Wednesday, April 29, 2015

The Final Post

This will be my final post on this blog, as my SSED 307 class is coming to a close. Throughout this class, I have learned so much and I have learned what it truly means to be a meaningful, purposeful, and powerful social studies teacher- which has been the purpose of this blog. As my final post, I want to sum up everything that I have learned this semester and take a look at the many teaching techniques and styles explored throughout this class, highlighting some of the key points.

At the beginning of the semester, we learned the five strands of social studies- history, geography and environmental literacy, civics and government, economics, and culture. As future teachers, we must teach all five of these strands. Then, we discussed how social studies is viewed in the public school system today and this was very shocking to all of us. We learned that schools do not focus on social studies as much or make time for social studies because it is not a tested subject. Even though reading and mathematics dominate the school system because they are tested subjects, social studies is still just as important to teach. We learned that social studies is an essential subject to teach because it prepares students to be active, engaged, and participating citizens of the 21st century.

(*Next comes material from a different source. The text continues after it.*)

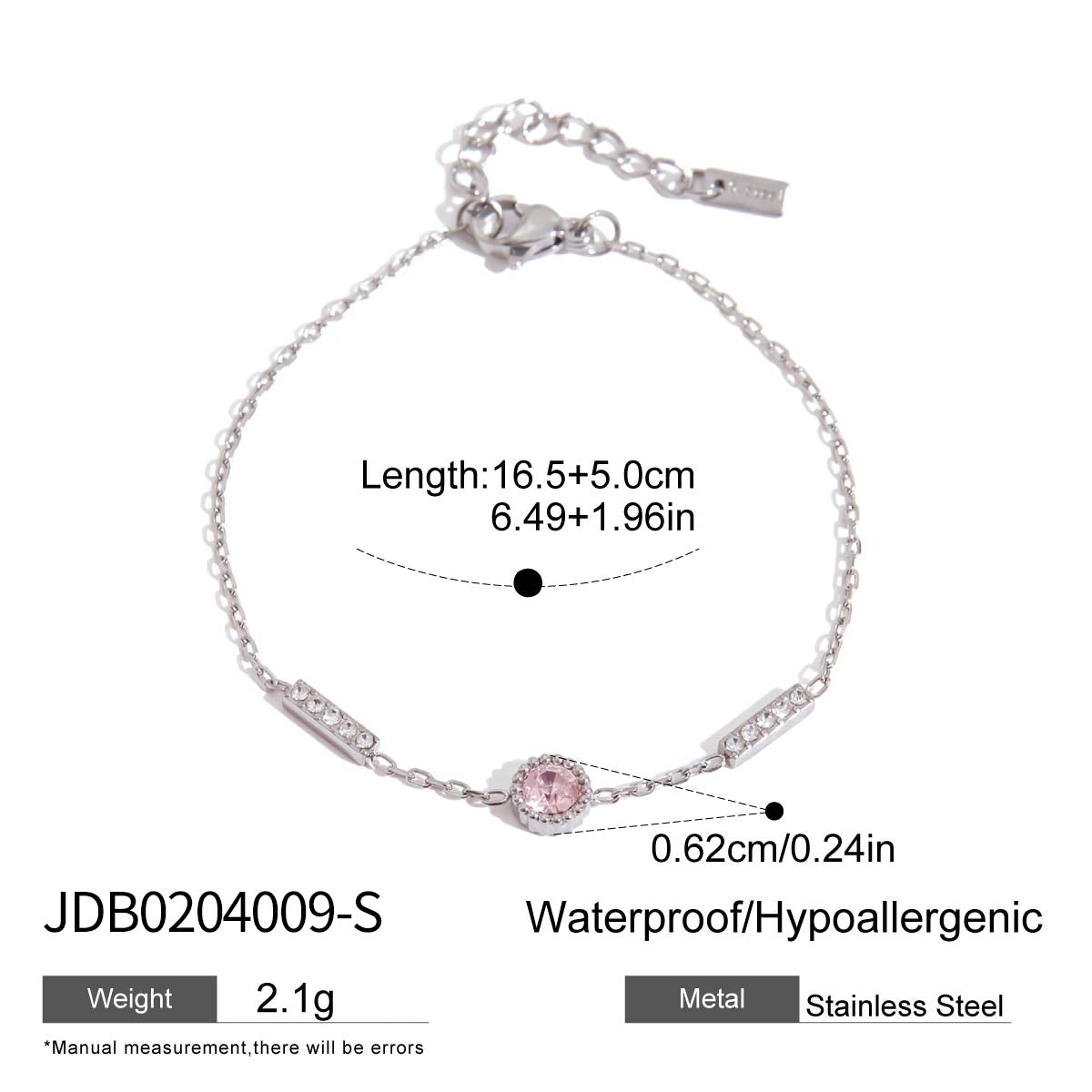 18K Gold-Plated Round Pink CZ Pendant Bracelet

For the first two weeks of class, we learned about a new way of teaching social studies that we, as a class, had never heard of before. Our professor told us that we had to unlearn the way we were taught social studies in the past, this being a memorization of facts, and relearn this new way of teaching social studies, this being concept-based instruction. Concept-based instruction focuses on the teaching of universal, timeless, abstract, and broad concepts. Concept-based instruction has much more benefit for the students as students are able to learn concepts that can be applied to anything and relate to their lives, versus memorizing facts that they will soon forget. We also learned the building blocks of CBI: facts, topics, concepts, and generalizations.

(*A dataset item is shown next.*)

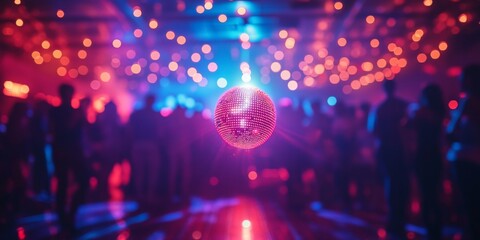 Vibrant dance floor scene, dynamic lights illuminating a lively crowd, sparkling disco ball overhead, festive atmosphere in focus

Over the course of the next few weeks, we broke down concept-based instruction and what it means to teach these concepts in the desire of becoming meaningful, purposeful, and powerful social studies teachers. We learned about generalizations, performance tasks, learning experiences, and guiding questions. Generalizations are sentences that incorporate and relate two or more concepts, and are sentences that the students should be able to understand and possibly derive themselves. Performance tasks are the summative assessments that sum up everything learned in the unit. These performance tasks need to be created before the learning experiences as the learning experiences need to reflect the performance tasks in order to ensure valid assessment. Learning experiences are formative assessments usually that are activities designed to prepare students for the performance tasks. Finally, guiding questions are questions created that you want your students to be able to answer and understand, reflecting your generalizations. These questions can be factual but also need to be conceptual and provocative. Provocative questions result in the highest level of thinking.

During this class, we also learned about the importance of technology integration in the classroom and tools to incorporate this technology. We learned about the SAMR model and TPACK model. The SAMR model shows the different levels of technology integration in the classroom and stands for: Substitution, Augmentation, Modification, and Redefinition. Substitution and augmentation just use technology to support learning, but modification and redefinition transform learning and alter the original task (where true, deep learning takes place). TPACK is a model designed to show what should be implemented in the classroom and stands for: technological, pedagogical, content knowledge. Al three of these things need to be used equally and a successful and intentional teacher should master all three aspects.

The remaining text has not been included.